Please return only the lines between the line with "2013 Mazda Mazda3" and the final line of the entries, both included, and exclude pictures.

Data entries
________________________________________
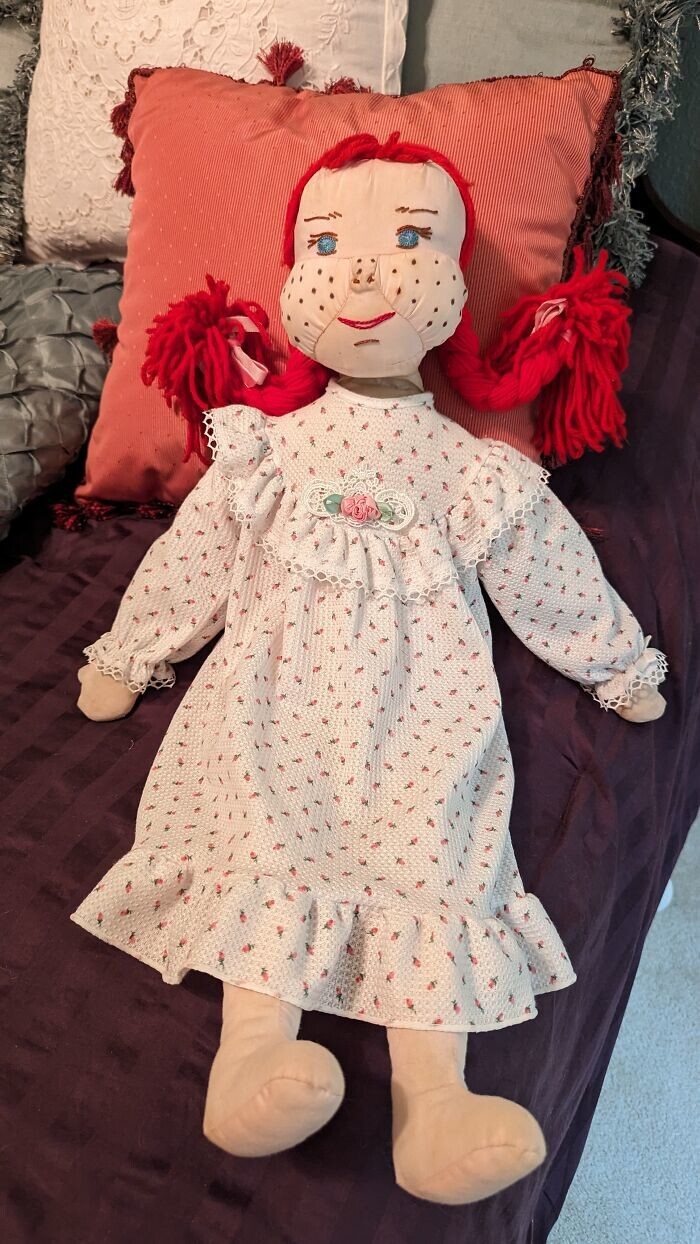22. "Кукла Пеппи Длинныйчулок, которую мама сделала для меня, когда я была маленькой девочкой"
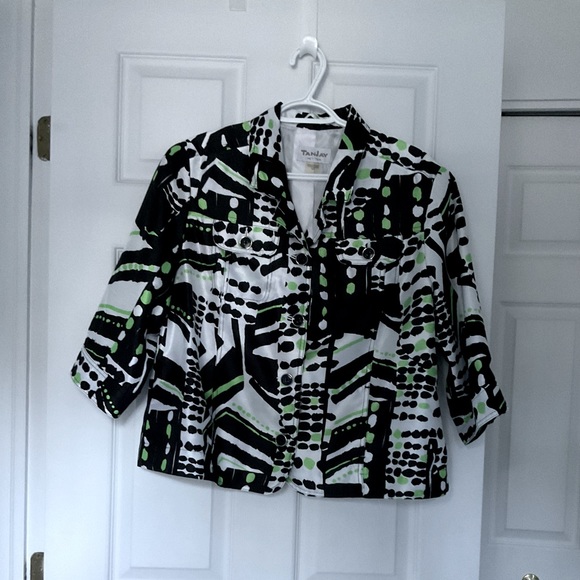 Coat with a lining, with two front and side pockets, lightweight, V neck - Picture 5 of 5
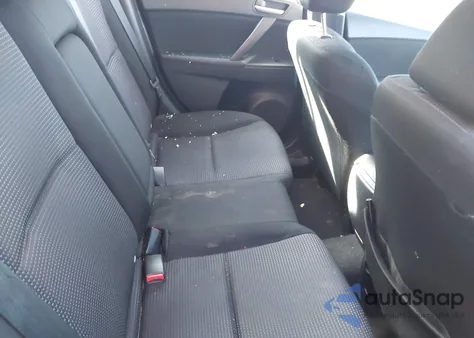 2013 Mazda Mazda3 I Touring z USA, uszkodzony, nr VIN JM1BL1LP0D1780662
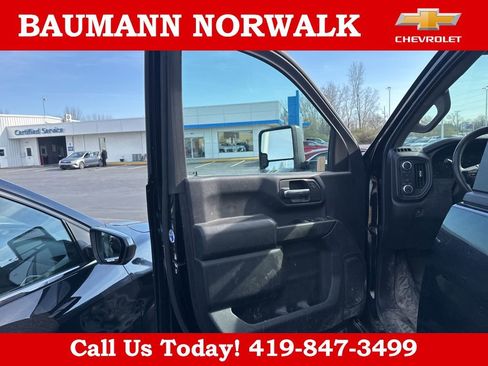 Used 2020 GMC Sierra 2500 4x4 Crew Cab w/ Convenience Package image 10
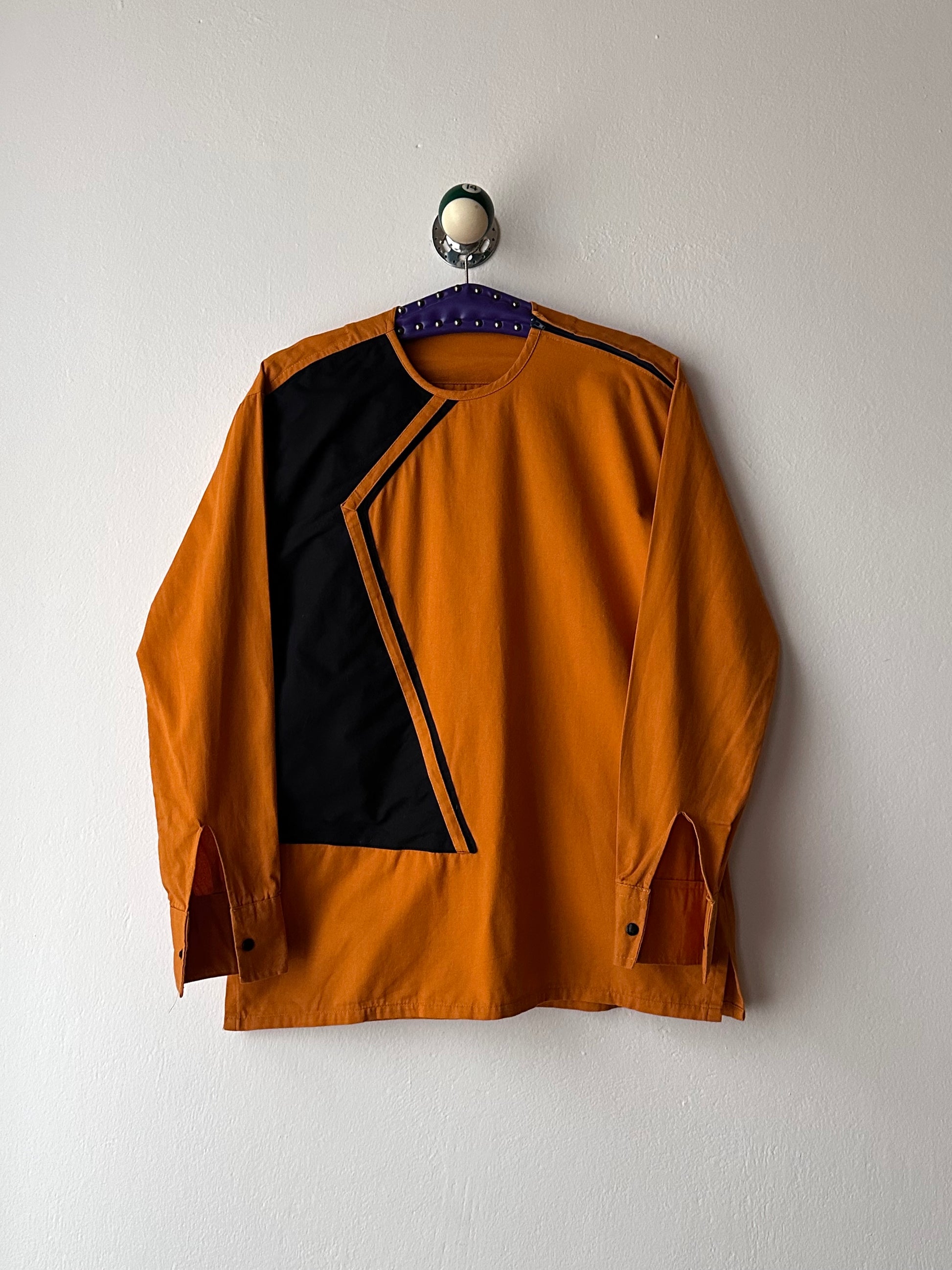 Toto Praha Vintage clothing store Prague Antique shop 古着屋 ヴィンテージ アンティーク ユーロ古着 ヨーロッパ古着 フランス買い付け 古着卸 ショールーム プラハ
________________________________________
Written solution ▸
 2013 Mazda Mazda3 I Touring z USA, uszkodzony, nr VIN JM1BL1LP0D1780662
 Used 2020 GMC Sierra 2500 4x4 Crew Cab w/ Convenience Package image 10
 Toto Praha Vintage clothing store Prague Antique shop 古着屋 ヴィンテージ アンティーク ユーロ古着 ヨーロッパ古着 フランス買い付け 古着卸 ショールーム プラハ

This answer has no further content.